Kerry calls for new peace talks


(MENAFN- The Peninsula) US Secretary of State John Kerry yesterday called for a resumption of Israeli-Palestinian peace talks, saying both sides had to be helped to make "tough choices" for lasting stability.

"Ceasefire is not peace," Kerry told a donors' conference here. "We got to get back to the table and help people make tough choices, real choices ... choices about more than just a ceasefire," Kerry said.

He was speaking almost six months after his own bid to strike an elusive peace deal collapsed in April amid bitter recriminations by both sides.

Both Israel and the Palestinians have rejected new talks under old conditions, but Kerry insisted Washington was still ready to have another go.

"I say clearly and with deep conviction here today that the United States remains fully, totally committed to returning to negotiations not for the sake of it but because the goal of this conference and the future of the region demand it."

Washington is committed to a so-called "two-state solution" under which Israel and a future Palestinian state would live side-by-side.

"I don't think there is any person here who wants to come yet again to rebuild Gaza only to think that two years from now, or less, we are going to be back at the same table talking of rebuilding Gaza because the fundamental issues have not been dealt with," Kerry said.

"In the end we all want the same things. Security for the Israelis, freedom, dignity and a state for the Palestinians, peace and prosperity for both peoples."

UN chief Ban Ki-moon also warned that another conflict could erupt. "Gaza remains a tinderbox, the people desperately need to see results in their daily lives," Ban said.

Abbas repeated his calls for an internationally set timeframe for establishing a Palestinian state, telling the global envoys in attendance that the latest conflict had destroyed government institutions in Gaza.

Sisi move

Egypt, the most populous Arab country and which brokered the current ceasefire between Israel and the Palestinians in August, used the conference to renew its call for a wider Middle East peace deal based on a 2002 Arab initiative, which Israel has rejected.
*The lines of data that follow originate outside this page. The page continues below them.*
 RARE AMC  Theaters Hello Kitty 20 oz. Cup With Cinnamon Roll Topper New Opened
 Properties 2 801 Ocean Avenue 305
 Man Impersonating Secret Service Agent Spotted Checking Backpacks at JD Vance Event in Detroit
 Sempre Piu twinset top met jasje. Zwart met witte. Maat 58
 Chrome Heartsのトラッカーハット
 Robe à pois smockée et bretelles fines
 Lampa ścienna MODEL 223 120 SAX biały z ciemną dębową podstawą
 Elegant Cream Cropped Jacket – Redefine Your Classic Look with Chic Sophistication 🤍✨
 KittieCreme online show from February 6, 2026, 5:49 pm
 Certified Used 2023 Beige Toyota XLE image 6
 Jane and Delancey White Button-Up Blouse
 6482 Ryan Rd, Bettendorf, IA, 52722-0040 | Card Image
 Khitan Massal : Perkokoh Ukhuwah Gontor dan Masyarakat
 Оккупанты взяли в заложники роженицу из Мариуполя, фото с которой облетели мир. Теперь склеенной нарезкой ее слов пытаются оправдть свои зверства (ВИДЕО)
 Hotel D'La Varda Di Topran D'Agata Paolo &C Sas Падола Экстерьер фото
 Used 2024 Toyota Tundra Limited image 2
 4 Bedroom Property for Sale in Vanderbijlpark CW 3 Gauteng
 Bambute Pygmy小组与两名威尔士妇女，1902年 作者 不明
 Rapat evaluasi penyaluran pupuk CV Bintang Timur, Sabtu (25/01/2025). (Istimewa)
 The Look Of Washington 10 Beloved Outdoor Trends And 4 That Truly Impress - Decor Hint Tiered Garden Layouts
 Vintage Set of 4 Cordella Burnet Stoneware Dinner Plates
"We should turn this moment into a real starting point to achieve a peace that secures stability and flourishing and renders the dream of coexistence a reality, and this is the vision of the Arab peace initiative," Egyptian President Abdel Fattah Al Sisi said in his opening speech.

The Arab peace initiative was floated by Saudi Arabia at an Arab League summit in Beirut in 2002 and offers full recognition of the Jewish state, but only if it gives up all land seized in the 1967 Middle East war and agrees to a "just solution" for Palestinian refugees.

Also speaking in Cairo, Palestinian President Mahmoud Abbas said the 2002 Arab plan could be the framework for a new comprehensive approach to the Palestinian-Israeli conflict.

Successive Israeli governments have rejected the Arab initiative but Prime Minister Benjamin Netanyahu recently suggested a greater role for Israel's Arab neighbours in the pursuit of peace.

Later this month Egypt is to mediate indirect negotiations between Israel and Hamas militants seeking to turn their open-ended truce into a durable ceasefire. That would be a first step before there could be any talk of restarting the broader peace process.

Israeli caution

Meanwhile, the foreign minister of Israel, which was not invited to the international conference on rebuilding Gaza, said any such effort would need his country's consent. "Gaza cannot be rebuilt without the cooperation and participation of Israel," Avigdor Lieberman said.